* **To do**
Produce word for word the lines of the data below running from the one that has "Strawberry-themed first birthday" to the one that has "Sand Pads Exterior", inclusive, and no others.

* **Given records**
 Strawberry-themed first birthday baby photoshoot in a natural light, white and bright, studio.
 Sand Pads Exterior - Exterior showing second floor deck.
==
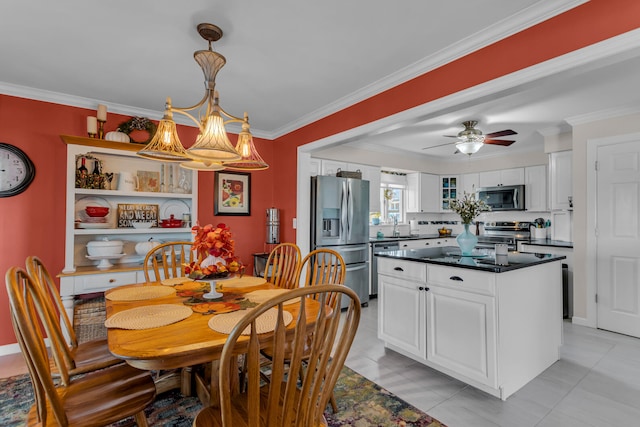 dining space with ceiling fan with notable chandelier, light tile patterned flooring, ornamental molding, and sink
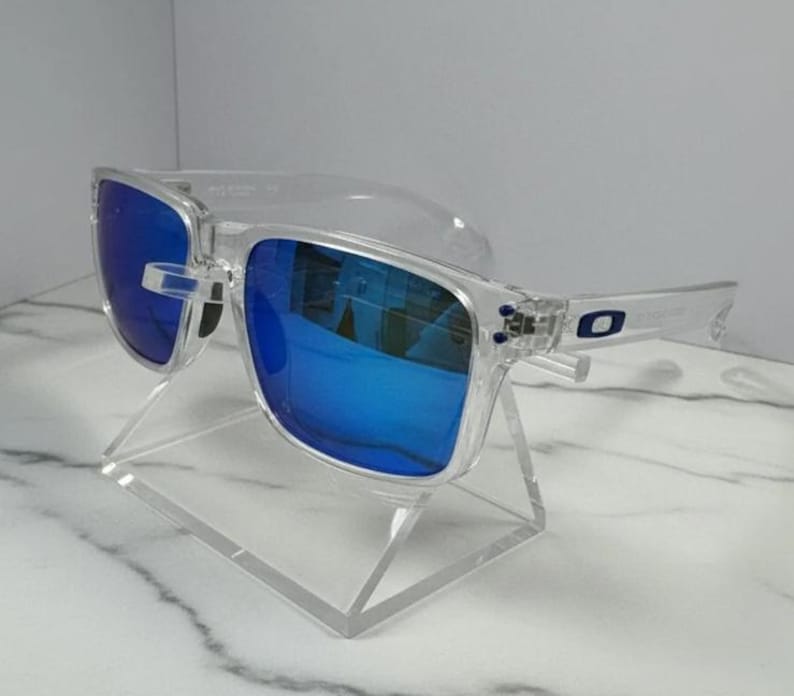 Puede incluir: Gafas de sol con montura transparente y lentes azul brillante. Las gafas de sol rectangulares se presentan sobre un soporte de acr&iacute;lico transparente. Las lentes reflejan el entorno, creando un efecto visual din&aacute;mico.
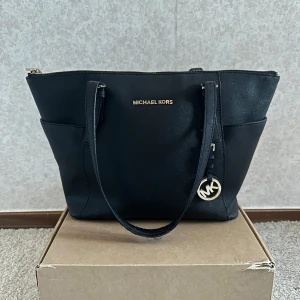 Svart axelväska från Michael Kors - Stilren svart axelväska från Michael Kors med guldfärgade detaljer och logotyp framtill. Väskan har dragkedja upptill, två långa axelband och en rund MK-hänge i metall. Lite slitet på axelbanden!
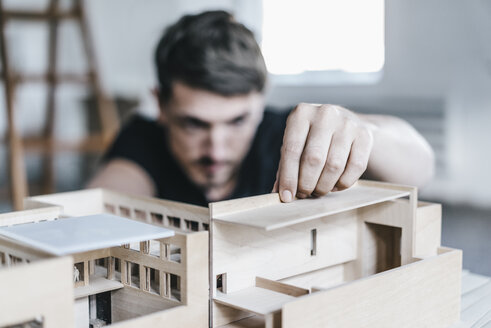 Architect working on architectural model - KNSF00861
==
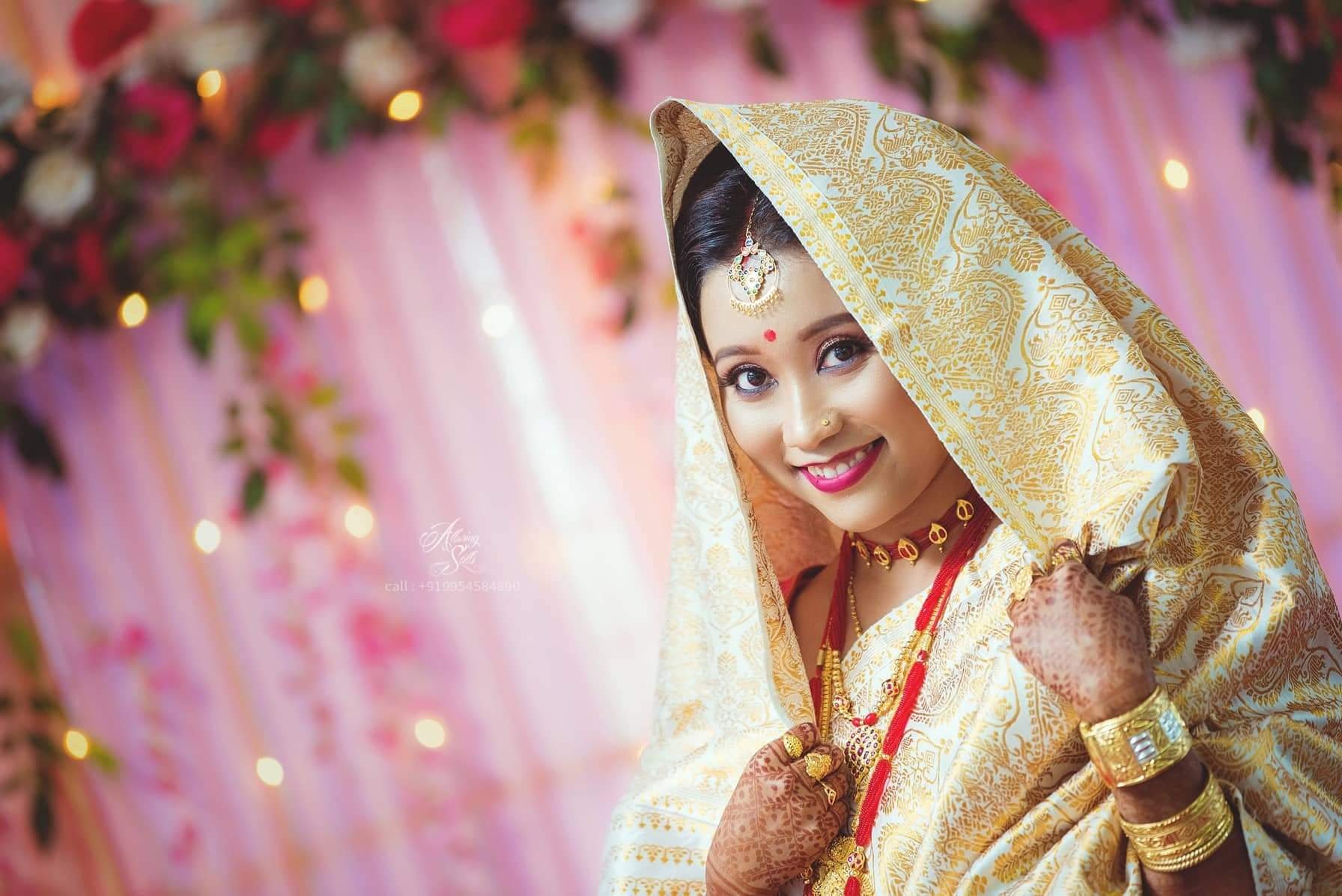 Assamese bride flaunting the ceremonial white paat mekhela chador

* **Exercise output**
 Strawberry-themed first birthday baby photoshoot in a natural light, white and bright, studio.
 Sand Pads Exterior - Exterior showing second floor deck.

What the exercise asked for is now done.